Olympic medal record

Men's field hockey

Representing India

Olympic Games

= Joseph Phillips (field hockey) =

Indian field hockey player (1911–1987)

Joseph Phillips (24 March 1911 – 13 November 1987) was an Indian field hockey player who competed in the 1936 Summer Olympics. He was a member of the Indian field hockey team which won the gold medal. He played one match as back.

Phillips was a Pune based hockey player. Joseph was born on March 24, 1911. Phillips was an Indian field hockey player who competed in the 1936 Summer Olympics at Berlin and won the gold medal. He played one match as back. India played 5 matches in the tournament and the team won all 5. The Indian national team scored a total of 38 goals. India beat United States (7-0), Japan (9-0) and Hungary (4-0). The Indian national hockey team that played in the 1936 Summer Olympics consisted of Dhyan Chand (captain), Ali Dara, Syed Mohammed Jaffar, Gurcharan Singh, Roop Singh, Mohammed Hussain, Mirza Nasir-ud-din Masud, Shabban Shahab-ud-din, Joseph Galibardy, Ahmed Sher Khan, Babu N. Nimal and Lionel C. Emmett, amongst others. In the finals against Germany, India had an advantage of 6 goals initially. The match was very challenging and exciting. Finally India won the match by beating Germany by 8-1. That year, India won its third consecutive Olympic gold medal.
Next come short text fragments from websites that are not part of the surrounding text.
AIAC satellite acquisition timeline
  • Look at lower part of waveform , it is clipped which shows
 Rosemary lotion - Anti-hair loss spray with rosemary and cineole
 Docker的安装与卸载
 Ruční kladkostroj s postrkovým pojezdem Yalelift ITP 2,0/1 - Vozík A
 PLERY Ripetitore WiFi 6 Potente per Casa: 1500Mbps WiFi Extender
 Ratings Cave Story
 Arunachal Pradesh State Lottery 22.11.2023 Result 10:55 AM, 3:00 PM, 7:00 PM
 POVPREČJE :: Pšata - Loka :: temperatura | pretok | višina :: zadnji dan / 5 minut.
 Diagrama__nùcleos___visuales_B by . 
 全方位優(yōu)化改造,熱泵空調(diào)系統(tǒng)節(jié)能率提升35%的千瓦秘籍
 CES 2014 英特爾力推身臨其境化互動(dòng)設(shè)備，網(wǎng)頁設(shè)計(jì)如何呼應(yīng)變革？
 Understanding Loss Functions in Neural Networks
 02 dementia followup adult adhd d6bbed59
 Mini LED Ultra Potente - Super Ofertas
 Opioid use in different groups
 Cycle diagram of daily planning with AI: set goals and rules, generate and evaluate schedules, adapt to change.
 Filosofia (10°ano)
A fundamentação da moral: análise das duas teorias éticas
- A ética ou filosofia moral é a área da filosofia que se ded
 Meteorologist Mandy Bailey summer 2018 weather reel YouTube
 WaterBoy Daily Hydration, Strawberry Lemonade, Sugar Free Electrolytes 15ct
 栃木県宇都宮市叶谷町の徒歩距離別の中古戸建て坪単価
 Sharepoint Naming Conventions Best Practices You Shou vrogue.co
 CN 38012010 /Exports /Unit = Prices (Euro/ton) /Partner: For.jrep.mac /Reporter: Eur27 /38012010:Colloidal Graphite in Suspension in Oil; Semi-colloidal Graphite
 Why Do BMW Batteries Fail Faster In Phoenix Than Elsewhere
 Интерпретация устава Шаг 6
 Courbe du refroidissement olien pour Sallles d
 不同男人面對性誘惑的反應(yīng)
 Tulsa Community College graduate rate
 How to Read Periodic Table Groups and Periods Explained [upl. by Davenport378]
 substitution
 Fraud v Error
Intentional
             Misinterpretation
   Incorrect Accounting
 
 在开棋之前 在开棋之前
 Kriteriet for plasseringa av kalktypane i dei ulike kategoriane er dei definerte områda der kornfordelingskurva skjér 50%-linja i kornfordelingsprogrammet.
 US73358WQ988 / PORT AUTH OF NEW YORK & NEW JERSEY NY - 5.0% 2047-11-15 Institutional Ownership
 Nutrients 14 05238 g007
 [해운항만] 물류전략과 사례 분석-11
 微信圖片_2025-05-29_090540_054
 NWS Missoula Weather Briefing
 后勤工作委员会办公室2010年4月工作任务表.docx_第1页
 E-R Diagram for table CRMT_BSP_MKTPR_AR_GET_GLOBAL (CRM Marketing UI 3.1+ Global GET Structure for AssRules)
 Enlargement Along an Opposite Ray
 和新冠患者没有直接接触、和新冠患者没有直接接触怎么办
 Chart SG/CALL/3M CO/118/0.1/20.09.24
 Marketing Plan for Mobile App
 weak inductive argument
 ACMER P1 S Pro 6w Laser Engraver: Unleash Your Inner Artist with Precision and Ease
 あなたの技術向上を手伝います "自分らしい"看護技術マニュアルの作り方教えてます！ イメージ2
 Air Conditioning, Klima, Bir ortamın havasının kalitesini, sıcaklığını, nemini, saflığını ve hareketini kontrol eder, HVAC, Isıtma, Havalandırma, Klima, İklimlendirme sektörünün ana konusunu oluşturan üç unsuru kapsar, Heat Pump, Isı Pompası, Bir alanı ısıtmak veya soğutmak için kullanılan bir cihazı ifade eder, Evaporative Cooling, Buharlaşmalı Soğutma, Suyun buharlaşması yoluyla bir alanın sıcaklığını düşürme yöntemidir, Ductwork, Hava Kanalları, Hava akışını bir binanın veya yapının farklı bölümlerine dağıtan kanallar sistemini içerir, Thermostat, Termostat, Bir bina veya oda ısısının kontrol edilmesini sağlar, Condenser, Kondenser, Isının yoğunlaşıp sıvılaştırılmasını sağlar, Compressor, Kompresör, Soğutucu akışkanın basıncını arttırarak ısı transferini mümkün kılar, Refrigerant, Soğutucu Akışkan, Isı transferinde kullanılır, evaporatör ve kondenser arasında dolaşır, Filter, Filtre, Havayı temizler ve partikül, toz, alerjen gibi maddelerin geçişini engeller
Joseph Phillips, along with Baboo Nimal, were amongst the players from Pune who participated in the 1936 Indian Olympic team. Most of the residents of his local town appeared on the Khadki Railway Station to bid farewell to Phillips and Baburao, for the 1936 Olympic expedition. It was a huge honour for both Joseph Phillips and Baburao Narasappa Nimal. Joe Phillips died in 1987 at the age of 76.